Opinion

Dessin de presse, caricature, incitation à la haine : savoir faire la différence

Jeudi 29 octobre 2020 par Jean-Marc Finn, Collectif belge contre l'antisémitisme

En ces jours tourmentés, je suis fréquemment interpellé par des connaissances qui, souvent de bonne foi, me disent en MP sur Facebook : « …Bien sûr, décapiter un professeur, c’est terrible mais…était-il nécessaire de remontrer ces caricatures face à une classe dont ce professeur savait à l’avance qu’ils allaient être choqués et peut-être réagir violemment ! Et en quoi est-ce différent du char du carnaval d’Alost, qui est aussi une caricature et là, comme on parle des Juifs, alors c’est scandaleux et condamnable ? ».

 

Nous avons toutes et tous entendu ou lu cette phrase en forme de sentence. Ne rentrons pas dans le flot de considérations sur ce que ce propos dit de notre époque, mais, en même temps, essayons de faire la part des choses entre les deux exemples repris dans le commentaire susmentionné et expliquons.

Un peu de définition pour baliser le terrain : Le dessin de presse consiste à illustrer l'actualité au travers de dessins parfois simplement figuratifs, souvent satiriques. « Un dessin réussi prête à rire. Quand il est vraiment réussi, il prête à penser. S’il prête à rire et à penser, alors c’est un excellent dessin ». Ce propos du regretté Tignous (mort lors de l’attentat contre Charlie Hebdo) résume parfaitement la vocation du dessin de presse.

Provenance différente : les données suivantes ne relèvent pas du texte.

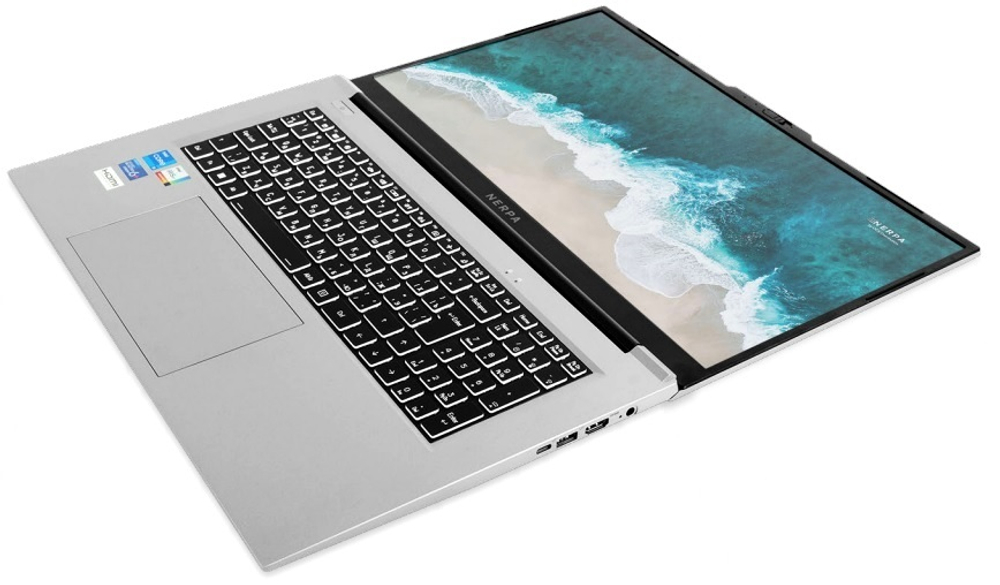 Ноутбук  Nerpa Caspica I552-17 17.3 ", Core i5, 16 Гб RAM, 256 Гб SSD, Iris Xe Graphics, Серый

« La caricature, elle, est une représentation satirique, exagérée, outrée ou déformée de quelque chose, d'un évènement, d'une attitude, d'un sentiment. Au sens figuré, une personne ridicule ou grotesque en raison de son accoutrement ou de son maquillage, ou laide au point de ressembler à une caricature » (Toupie.org). La première caricature ne date pas d’hier : L'un des premiers ouvrages satiriques, Le Roman de Fauvel, en 1317, représente alors le roi Philippe le Bel, ô sacrilège, avec une tête d'âne. C'est l'acte fondateur de la caricature, il y a 700 ans.

En résumé, un dessin de presse peut avoir pour sujet un comique de situation, une situation ou un acte politique, une référence historique, une parole qui se voudrait définitive (etc.) pour en rire et donc, continuer sous cette forme à communiquer, informer voire rappeler.

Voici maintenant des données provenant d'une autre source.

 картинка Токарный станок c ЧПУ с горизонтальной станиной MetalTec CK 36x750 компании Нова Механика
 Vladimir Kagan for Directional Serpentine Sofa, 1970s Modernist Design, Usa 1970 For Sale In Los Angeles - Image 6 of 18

Une caricature force le trait pour attirer l’attention sur des idées critiquables et rappeler ainsi que toute idéologie, religion, proposition politique ou philosophique peut et doit être soumise au débat contradictoire. Il ne s’agit donc en aucun cas de critiquer des personnes physiques (quand bien même elles seraient l’objet de la caricature) mais alors comme prétexte d’interpellation de l’idéologie ou philosophie dont certaines d’entre elles se réclament…

La frontière est ténue entre la volonté d’interpeller par le dessin de presse ou la caricature et elle peut choquer certaines personnes. C’est compréhensible et cela nous renvoie en fait à nous-même et à la distance que nous pouvons avoir par rapport à ce qui nous est cher (de l’affect) et ce qui n’est pour les autres qu’une idée ou concept parmi d’autres.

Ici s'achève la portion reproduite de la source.